Voici donc l’armée française « obligée de se méfier aussi de ses alliés, de ces fantassins auxquels elle apprend à défendre leur patrie (mais ont-ils une patrie ?), à servir leur chef (mais reconnaissent-ils un chef ?), à protéger leur peuple (mais aiment-ils un peuple ?). Des talibans devant, dissimulés dans la nuit des vallées ; des talibans derrière, infiltrés dans les rangs de l’armée dite régulière ». Horreur !
« Les Français sont encerclés » brièvement, ce n’est pas la cuvette de Diên Biên Phu, mais cela commence en effet à y ressembler un peu ! Signalons, ce que savent nos décideurs et les médiacrates, mais qu’ils se gardent bien de dire, que le retrait des troupes françaises va coûter un max - à condition avons-nous écrit que les Russes acceptent de nous louer leurs avions cargos - alors que les « caisses sont vides ». Concluons-en que M. Sarkozy joue les matamores à rebours en annonçant le départ de nos troupes alors qu’ils sait pertinemment qu’il n’en a pas les moyens et que ce « retrait anticipé » désorganiserait complètement l’actuel dispositif de l’Otan.

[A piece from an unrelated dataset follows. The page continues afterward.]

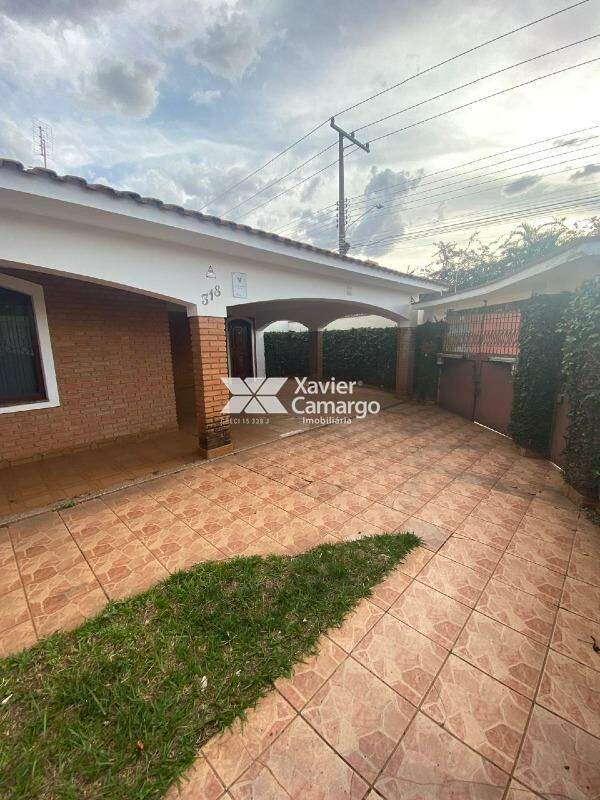 Casa à venda no Jardim América: Garagem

Cependant, comme le souligne si bien M. Barbier, « c’est être une nation ambitieuse qu’avoir réintégré complètement l’Otan, principal bouclier de l’Occident ». Oui da, mais cela impose des contraintes que feignent d’ignorer tout autant MM. Sarkozy et Hollande tout à leurs vaticinations de campagne électorale, que le « griot » chanteur de louanges de l’Express : être de retour au bercail du commandement intégré de l’Otan signifie que le vrai patron militaire est américain… pour partir il faudra en conséquence négocier et harmoniser les agendas, bref les biffins français ne sont pas sortis de l’auberge et de loin, sauf bien entendu si l’envie devient pressante à Washington et à Tel-Aviv d’aller exercer leurs talents et leurs armes en Syrie.
« C’est être une grande nation qu’avoir répondu à l’appel du droit, en 2001, et chassé Al-Qaeda de son antre ; c’est être une nation lucide qu’avoir cureté au mieux cette région du monde, pour la sécurité de ceux qui y vivent et surtout pour la nôtre ; c’est être une nation ambitieuse qu’avoir réintégré complètement l’Otan, principal bouclier de l’Occident, en attendant une vraie défense européenne. En cette contrée où Alexandre le Grand, Tamerlan, les troupes britanniques et l’Armée rouge s’épuisèrent, la France a tenu son rang, accompli son devoir et préparé l’avenir, car ces conflits vénéneux aguerrissent les hommes et améliorent les armes - ce n’est pas du cynisme, c’est du réalisme pour un monde dangereux ». Si c’est Barbier qui le dit, alors !?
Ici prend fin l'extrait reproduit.